Another stretcher was slipped in by his side. It was too dark to see the man upon it, but he was apparently suffering from the last stages of thirst. He had been shot through the roof of the mouth and the throat, and could not swallow. He was dying of thirst and hunger. He begged and entreated them for water. He pleaded with them, tried to bribe them, tried to order them, tried to bully them. It was pitiable to hear a strong man brought so low. And if they gave him a drop of water in a teaspoon, he would cough and choke to such a degree that it was obvious that too frequent doses would be the end of him. He would gurgle, and moan, and pine. It was awful.

They were journeying to the Clearing Hospital. The road, bad at the best of times, was now pitted with shell holes, and was truly abominable. "Is a country," he said to himself, "that will not allow its wounded pneumatic tyres to ride upon, worth fighting for?"

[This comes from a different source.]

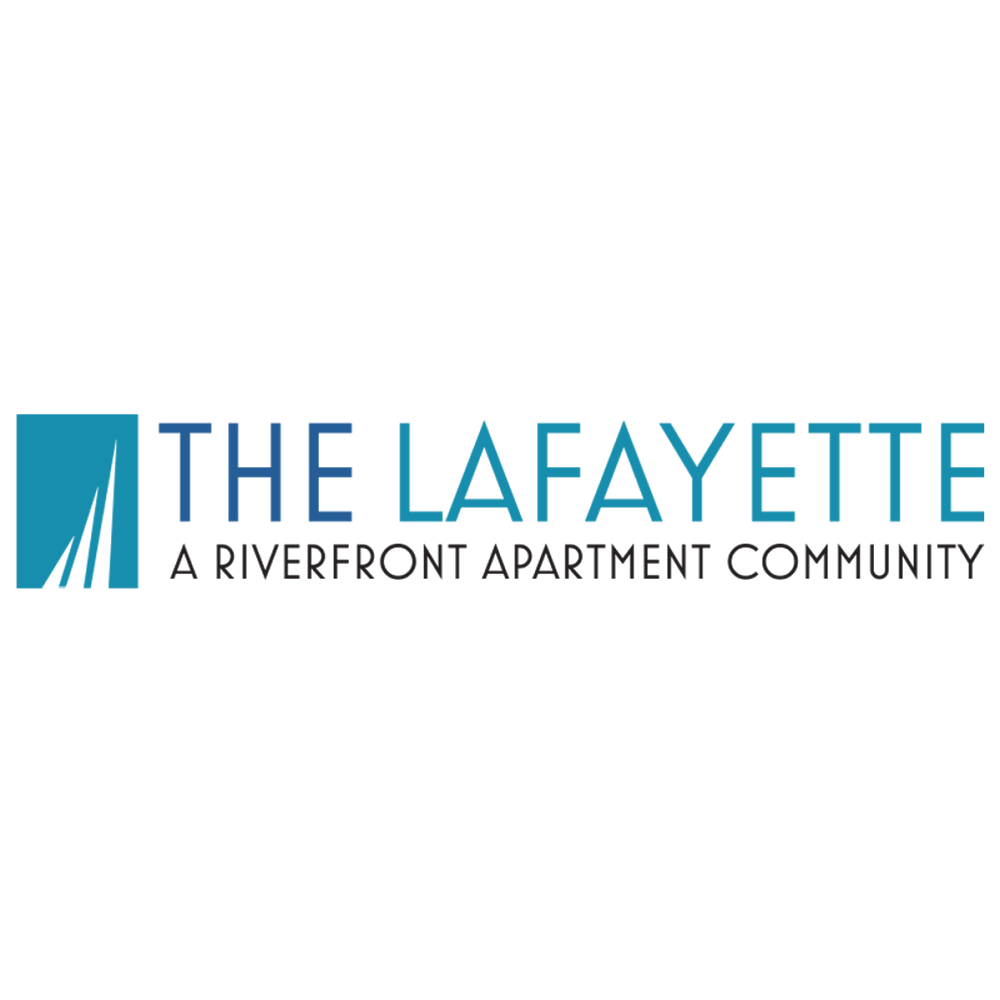 The Lafayette Apartments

They jolted on through the remaining part of the night. At dawn they were disembarked, and put to rest in a little farm-house, where they gave them soup and milk. But there were only mattresses thrown on a stone floor, and the pain in his spine was so acute that he almost forgot about his head.

His companion on the journey was placed in the same room. At the beginning of the night he had pitied the poor fellow immensely. But his prayers and entreaties were too pitiful to bear. What he must have been suffering! It added an extra weight to his own burden. Thank God, he had never been very thirsty!

"Just a little water! Just a drop. I won't swallow it. I won't! I swear before Heaven I won't! Just a teaspoonful! Please!... Oh! I'm dying of thirst.... Only a drop.... I won't swallow it this time.... There's five pounds in my pocket." He would gurgle and groan pitifully for a moment. Then in a voice, astoundingly loud, but thick with blood, he would shout, quaveringly: "Orderly, blast you, you ——, give me some water, or I'll—"

Sad to say, there came a time when the Subaltern could bear it no longer. His own troubles and the entreaties of the other unnerved him.

"Give him water! Chuck it at him! In a bucket!" he shouted in a frenzy. "Let the poor wretch die happy, anyway."

The Corporal in charge came over to him.

"You might get me some milk, Corporal," he said.

"For you, sir?"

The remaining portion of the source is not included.